初VRのアドベンチャーゲームをプレイ 技術の高さはさることながら、シナリオの出来に感動
ネタバレ注意
人間の性格はうまれもったものではなく、環境変数(外的要因)によって成り立っているというのが、
この作品の主張で、登場人物である幼馴染8人のアイデンティティーのついて深く描写されている。
また、幼馴染それぞれの共通点として、
本来こうでありたい、こうすべき自分の像に対して、それを否定するような自己性も存在している。
本作品の舞台が鏡に覆われた渋谷であったり、作中で冒頭に鏡が出てきたりなど度々鏡がシナリオに関わってくる。
自分自身と鏡に写った自分。
つまり、この作品ではアイデンティティーの二面性をテーマにしているのではないかと思う。
クロノス世界は、華怜の自殺という現実に対して登場人物それぞれの後悔から生じている。
それは助けたいという気持ちと、それは自己満足であって迷惑なのではないかという葛藤が邪魔してしまったものであったり、
政治的な理念から自己を抑え、いじめを見てみぬふりをしてしまったり、
そういった二面性に生じる乖離が、後悔の原因となっている。
幼馴染それぞれが二面性の自身を認識、向き合うことで、事態から目を逸らさない、思考停止しないで自らの本来の意思で行動し、シナリオが進行していく。

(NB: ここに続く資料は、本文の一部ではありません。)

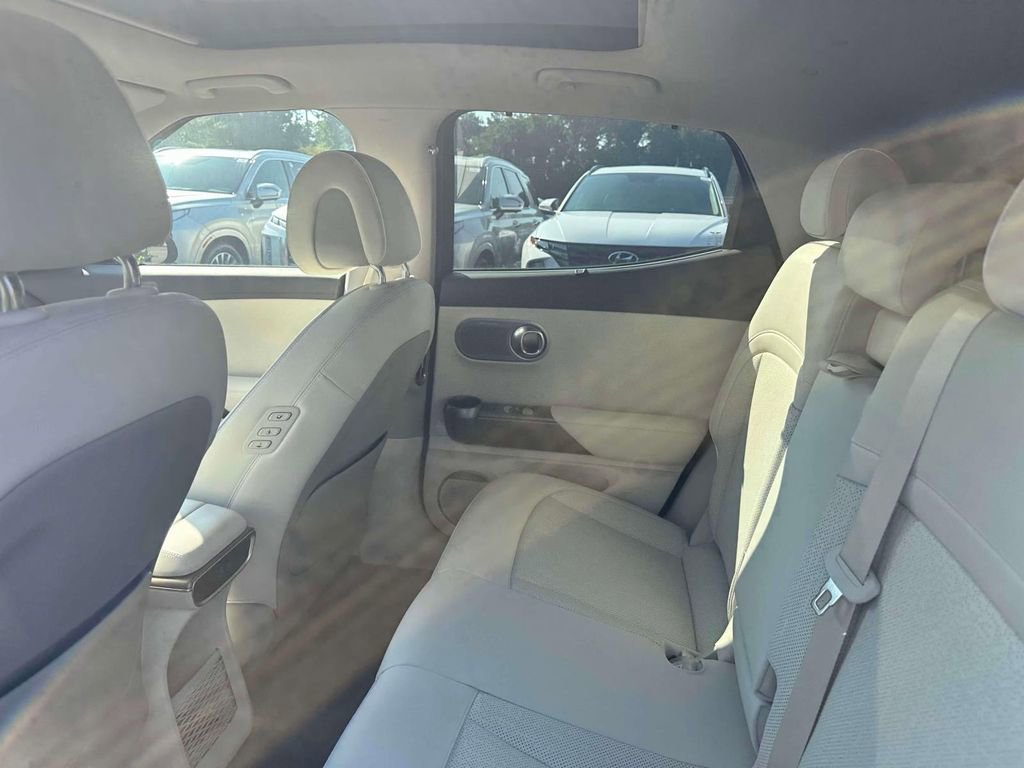 New 2024 Genesis GV60 Advanced w/ Cargo Package AWD/4WD image 23
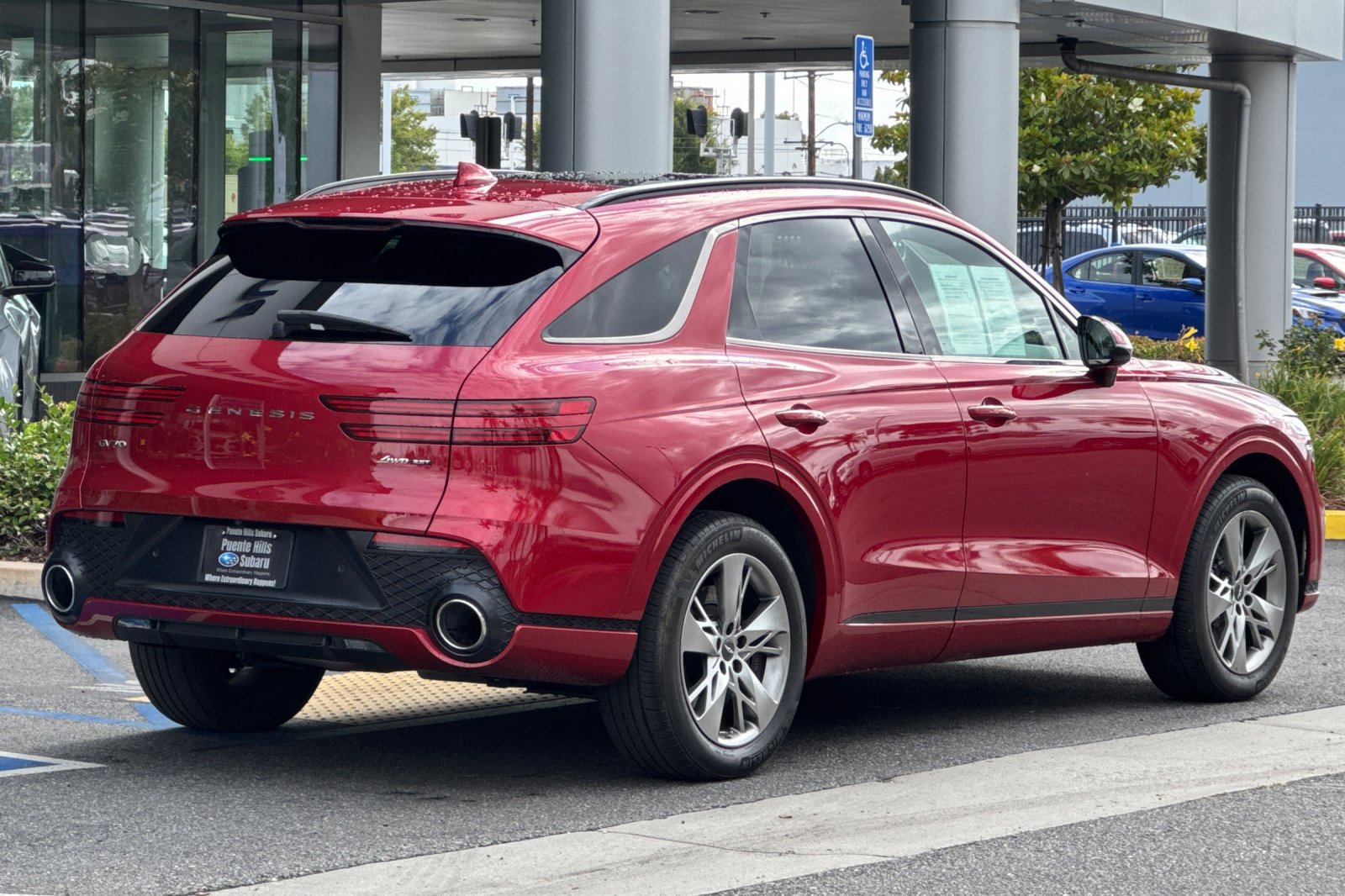Used 2024 Genesis GV70 3.5T Sport AWD/4WD image 4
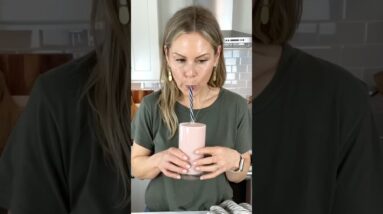 STRAWBERRY BANANA PROTEIN SMOOTHIE 🍓🍌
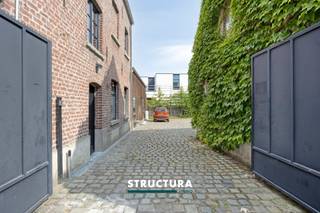 Schuur met potentieel tot woning op topligging in Walfergem (Asse). Bent u op zoek naar een uniek renovatieproject met tal van mogelijkheden? Dan is deze constructie, momenteel ingericht als schuur, beslist een bezoek waard. Het gebouw is gelegen op een perceel van 2 are 52 centiare en beschikt over een ruime gevelbreedte van circa 12,80 meter en een perceeldiepte van ongeveer 22 meter. Recht van overgang op de toegang naar de woning links van de eigendom.Dankzij deze interessante afmetingen vormt het pand een uitstekende basis voor de realisatie van een eengezinswoning (onder voorbehoud van de vereiste vergunningen). Een belangrijke troef is dat de gemeente reeds een gunstig principieel oordeel heeft gegeven voor de functiewijziging van handelswoning naar woning, wat interessante perspectieven biedt voor kandidaat-renoveerders of zelfbouwers. Het pand beschikt over een EPC-label F, waardoor de energetische renovatieverplichting van toepassing is. De koper dient het gebouw binnen de zes jaar na de notariële akte energetisch te renoveren tot minstens EPC-label D, overeenkomstig de geldende Vlaamse regelgeving. Niet opgenomen in het maatregelenregister. De ligging is bovendien uitstekend: in het landelijke Walfergem (Asse), met een vlotte verbinding naar het centrum van Asse, Brussel en de belangrijke invalswegen. Winkels, scholen en openbaar vervoer bevinden zich eveneens in de nabije omgeving. Wenst u meer informatie of een bezoek ter plaatse? Contacteer Structura op 02/460.80.46 of info@structura.be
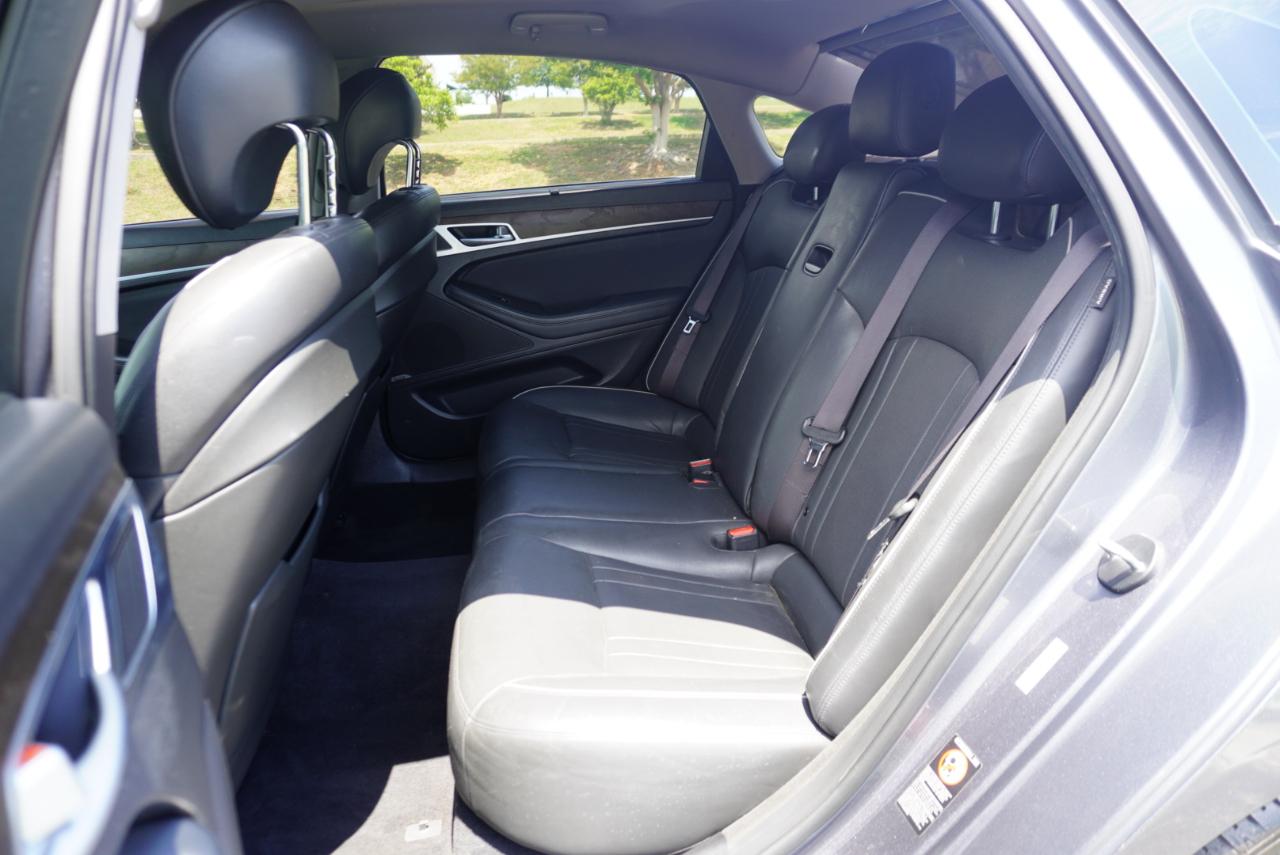 Hyundai Genesis 4dr Sdn V8 5.0L RWD 2015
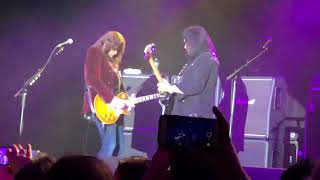 Gene Simmons &amp; Ace Frehley - Let me go, Rock n Roll (live - Melbourne 30/8/2018)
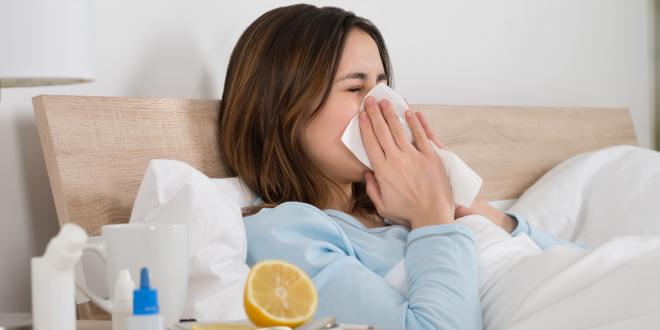 Nebenwirkungen der Grippeimpfung Erkältung, Grippe, Fieber, Schnupfen, Infektion, Viren, Virus, Taschentücher, Krankheit, Fieber, Durchfall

そういった幼馴染のエピソードの中で、華怜という人物がどういう人間なのかを知る。
華怜は一見クールぶっている様にみえるが、
何しても理不尽に親に怒られてきたといた過去があり、自分を閉ざしてしまいそれがクールな感じの原因となっている。
しかし、それは親に怒られたくないからというより、親に怒ってほしくないから我慢するという自己犠牲の優しさから生じている。
妹が死に、華怜の行動によって、
主人公は、ヒーローとして立ち直ることはできるものの、
他人を守るヒーローではなく、悪を憎むヒーロー(ロウ)が強くなってしまってしまう。
ただ怒ることに身をやつしてしまうのは、感情そのままで気楽なのかもしれない。
けど、そんな感情すら受け入れて判断する、二面性の自分を受け入れた上で考えることが大切なのだということを教えさせてくれる作品であったと思う。
クロノス世界は、一見ただ登場人物を閉じ込めミステリーのような怖い世界のように見えて、
実は登場人物の後悔から立ち直る機会を用意して救ってくれる奇跡のような世界だった。
総評
面白かった。
他人の内面までを理解する優しさを感じた。
良い世界だった。
シナリオはかなり練られており、深みがある。
考察の余地が程よく残されてるのもいい。
何よりVR作品であるということがすごい。
あまり関係ないけど、
両角視点とか下向くと巨乳で、新たな体験が得られた気分だった。